Following the agreement of the health authorities, some establishments are experimenting with therapeutic cannabis, such as the Timole hospital in Marseille.
In Marseille, the Timone hospital is one of the pilot sites in France. It is hosting some of the 3,000 patients who will be participating in this experiment throughout France for two years. The experiment is being conducted in "215 centres across the country", according to the French National Agency for the Safety of Medicines and Health Products (ANSM), which has given the green light.
The Minister of Health Olivier Véran visited the Clermont-Ferrand University Hospital at the end of March for the "first prescription" of this drug.
"This is a big step forward"Professor Olivier Blin, head of the pharmacology department at the Timone hospital in Marseille, one of the sites responsible for monitoring patients interested in the experiment, is enthusiastic.
"This meets the expectations of patients and CBD associations. We will remain vigilant on the effects, monitor them closely."He has been studying the medicinal characteristics of cannabis for several years. He is in fact carrying out a project to experiment with cannabidiol (CBD) on Parkinson's patients.
It specifies that it is not smoked cannabis. "There is a clear distinction between recreational and medical cannabis". The key point of this experiment, he says, is to identify suppliers who can provide quality-validated products.

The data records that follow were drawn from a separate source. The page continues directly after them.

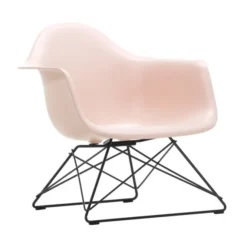 Fotel Eames Plastic Armchair Lar Różowy - Czarna Podstawa Vitra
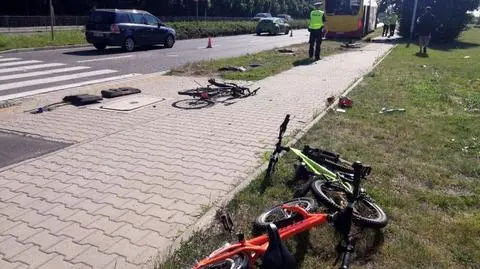 Autobus MPK wjechał w rowerzystów. Policja bada, jak doszło do wypadku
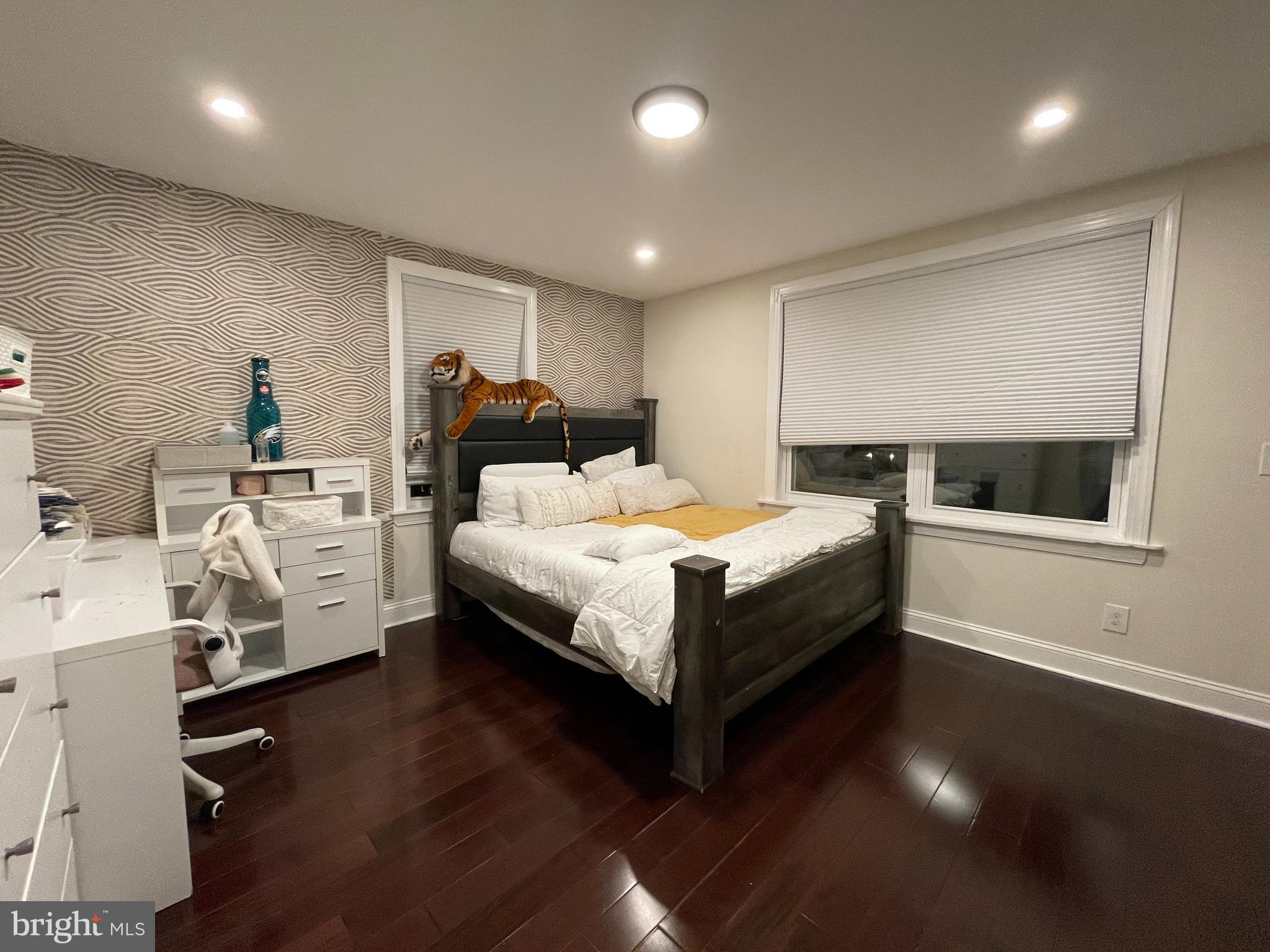 147 Lexington Avenue Lansdowne, PA 19050 - Photo 24 of 32 a bedroom with bed and window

"One of the main problems, in the absence of a framework, is the fact that some patients have gone to the streets to look for products identified as cannabis, but which are not. They contain pollutants or synthetics that can be deadly."says Professor Blin.
"Thanks to the work of the pharmacovigilance and addictovigilance networks that are overseeing this experiment, we will know whether there are potential physical, cardiac, psychological and behavioural risks to using this molecule and what precise benefits patients derive from it.he concludes.

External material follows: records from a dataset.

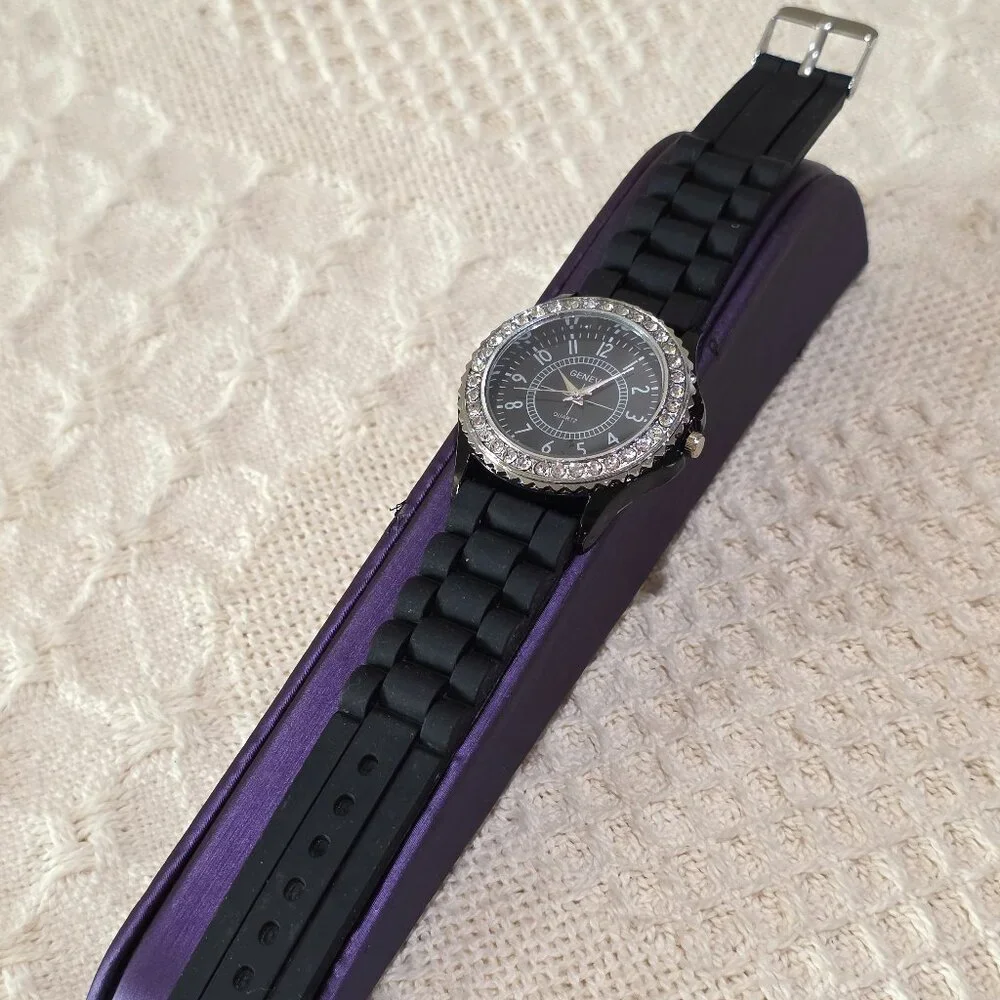 Geneva Black Face Silver Crystal Accent Round Unisex Wrist Watch Silicone Band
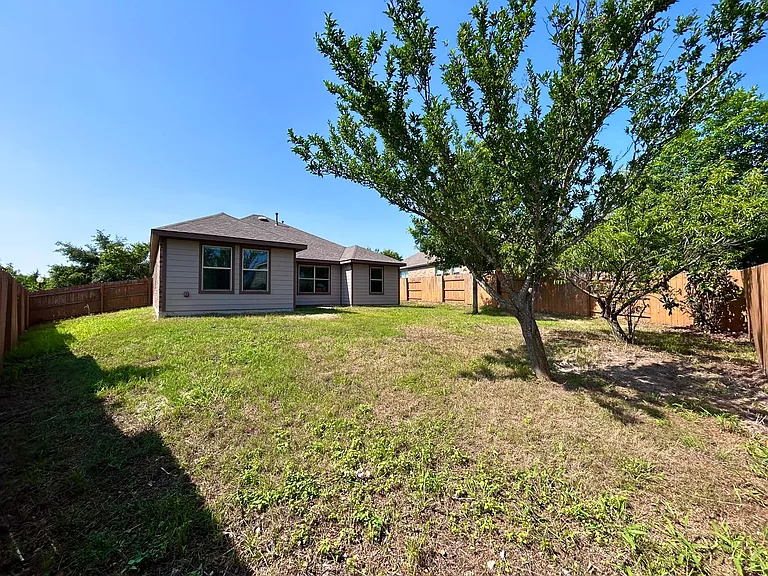 2204 Tranquility Ln — Photo 36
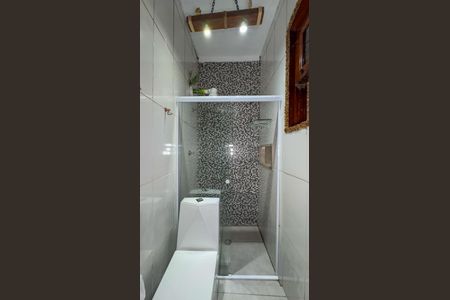 Casa para alugar com 100m², 2 quartos e 1 vaga Casa para alugar com 100m², 2 quartos e 1 vagaBanheiro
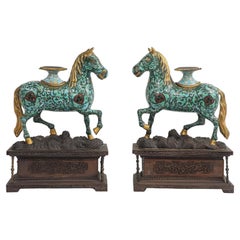 Paire de chevaux chinois en émail cloisonné avec selles amovibles sur bases en bronze, Qing
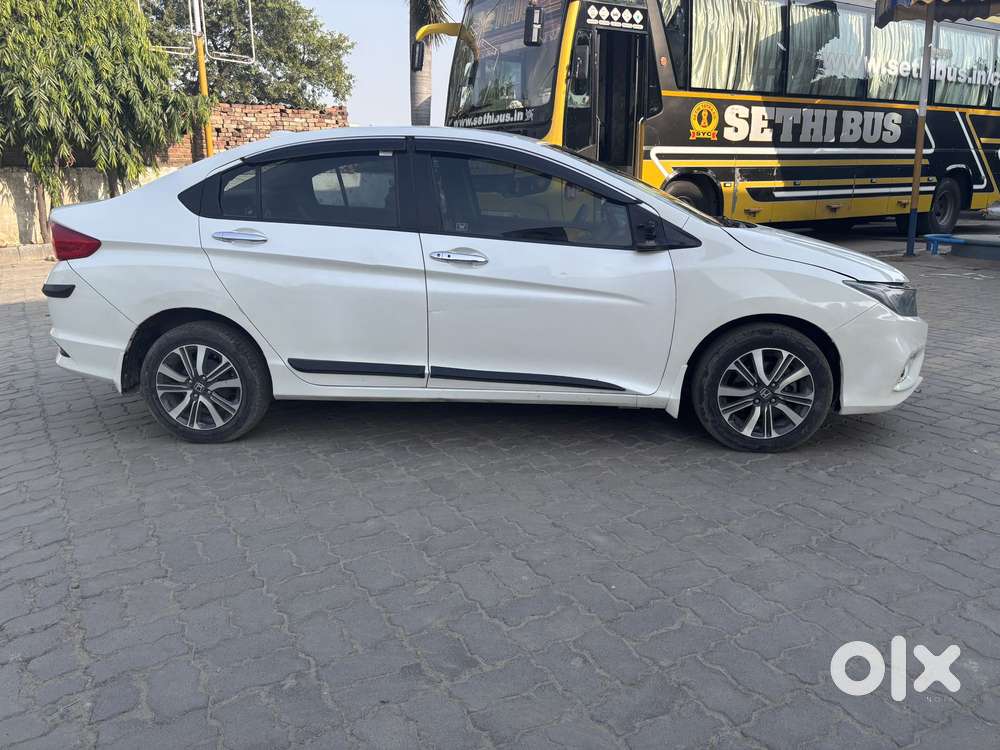 Honda City I-vtec V, 2017, Petrol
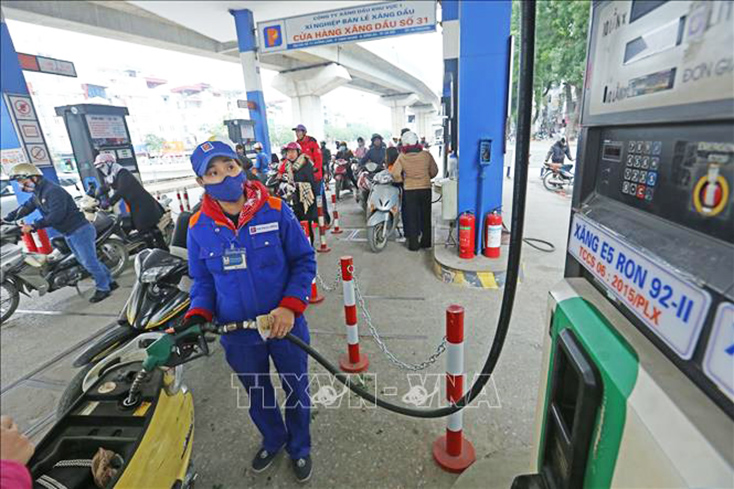 Xăng tăng gần 900 đồng/lít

A map of the 170 hospitals involved in the experiment can be found on the ANSM website.
Study the efficacy and safety of cannabis
The primary objective of this study will be to assess "the feasibility of the provision circuit" from oil or dried flowers that will be prescribed to patients, explains the Ministry of Health, highlighting a procedure "very secure".
What about the second? It will be a question of "collecting the first French data on the effectiveness and safety of cannabis in a medical context", with regard to the results obtained by its active molecules and in particular CBD, relaxing, anti-inflammatory and anticonvulsant, among others.
Who is concerned?
The first consultation must take place in one of these reference centres with patients who are already being treated in these specialised hospital services or referred by their GP. The decision to include the patient or not is made by the doctors of the reference centres.

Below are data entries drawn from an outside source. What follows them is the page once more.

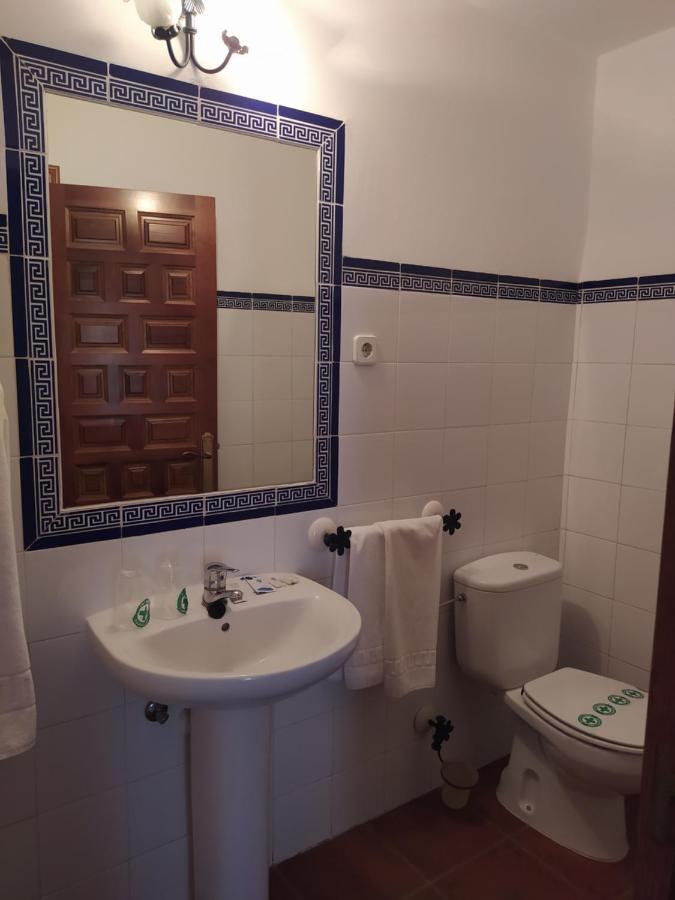 וינואסה Hostal Urbion מראה חיצוני תמונה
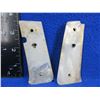 Image 2 : 22 LR Llama Ivory Like Pistol Grips
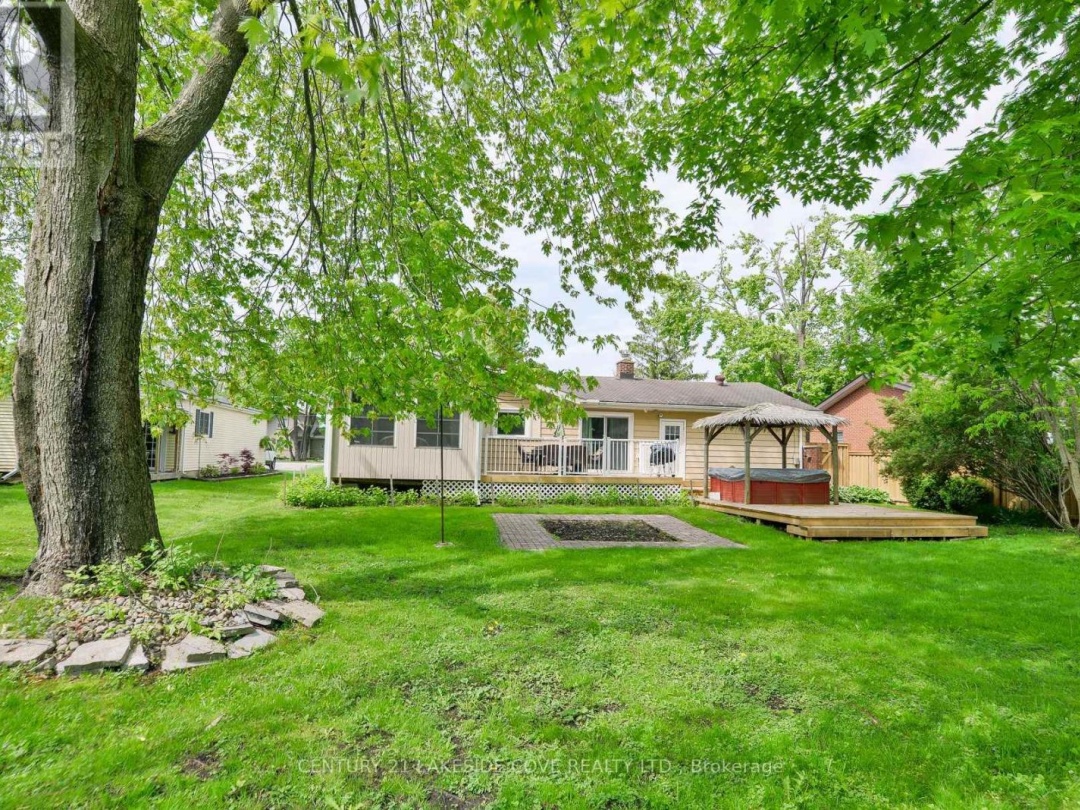 9 Pinetree Court, Lake Simcoe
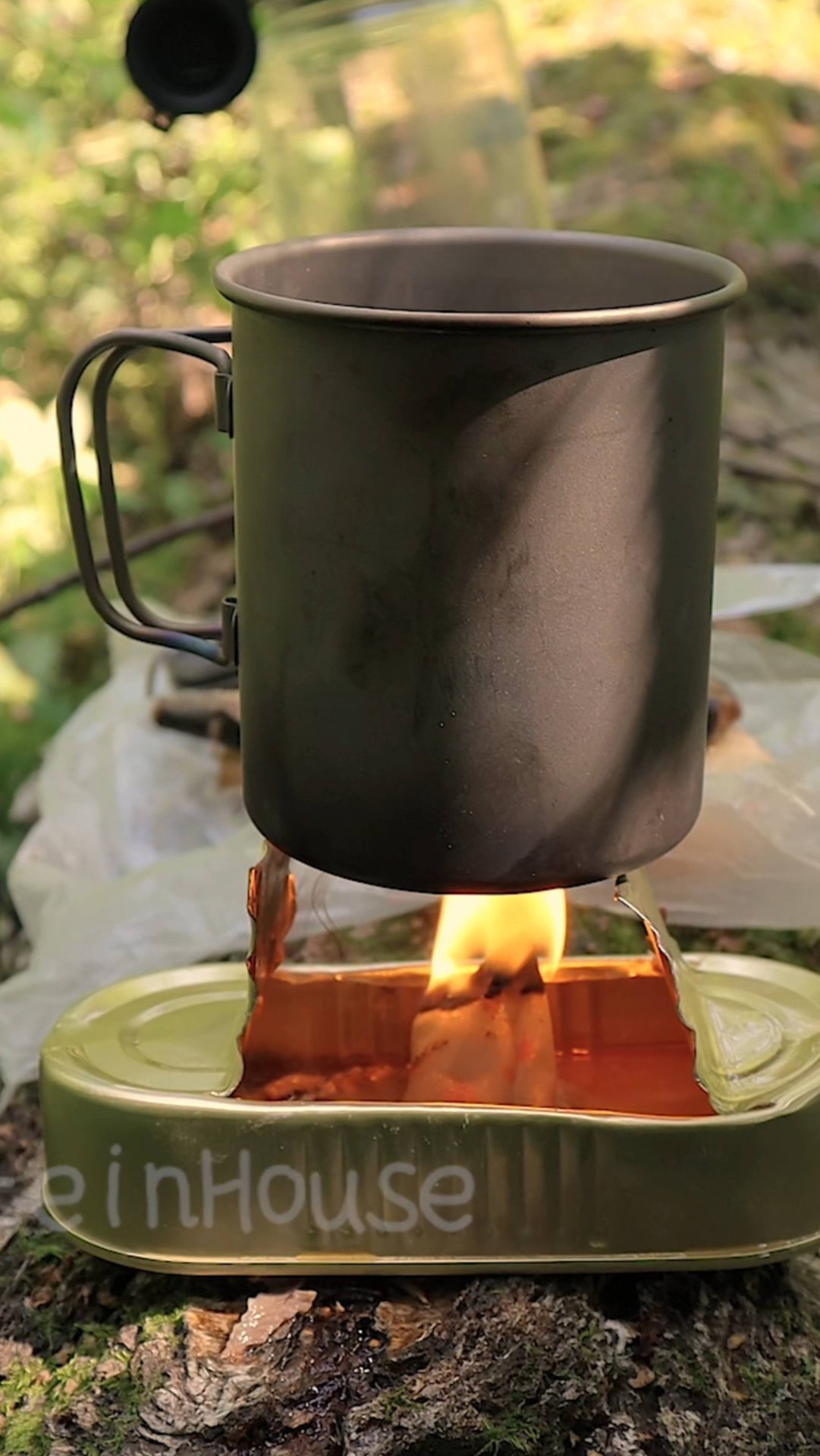 Гениальные лайфхаки для выживания в дикой природе - Свеча из банки шпрот смотреть онлайн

Patients are only eligible if they suffer from serious illnesses: certain forms of epilepsy, neuropathic pain, side effects of chemotherapy, palliative care situations, or certain types of pain in multiple sclerosis.
But only "in cases of insufficient relief or poor tolerance" with existing treatments, according to the ANSM. Children may be included, in particular for forms of epilepsy that are refractory to treatment or in cancerology.
How is cannabis administered?
These drugs, in the form of oil by mouth (in bottles of drinkable solutions) or dried flowers by inhalation using a vaporizer, will be available in different dosages of the active substances - tetrahydrocannabinol (THC) and cannabidiol (CBD).
The prescription, initially in a hospital department, is made on a secure prescription (for 28 days maximum), as for any drug among which cannabis, illegal in France, is classified. This is not the case for CBD, which is a non-narcotic product, and therefore legal in France.
A general practitioner, trained and willing, can take over. The consent of patients to this trial, which allows the collection of the first French data on the effectiveness and safety of medical cannabis, leads to their registration in a follow-up register.
Cannabis for smoking is therefore excluded from the protocol. The Covid-19 epidemic contributed to delaying the launch of this experimentation, authorized by an October 2020 decree specifying that it should begin before the end of March 2021.
In the European Union, 17 countries have already authorized medical cannabis treatments.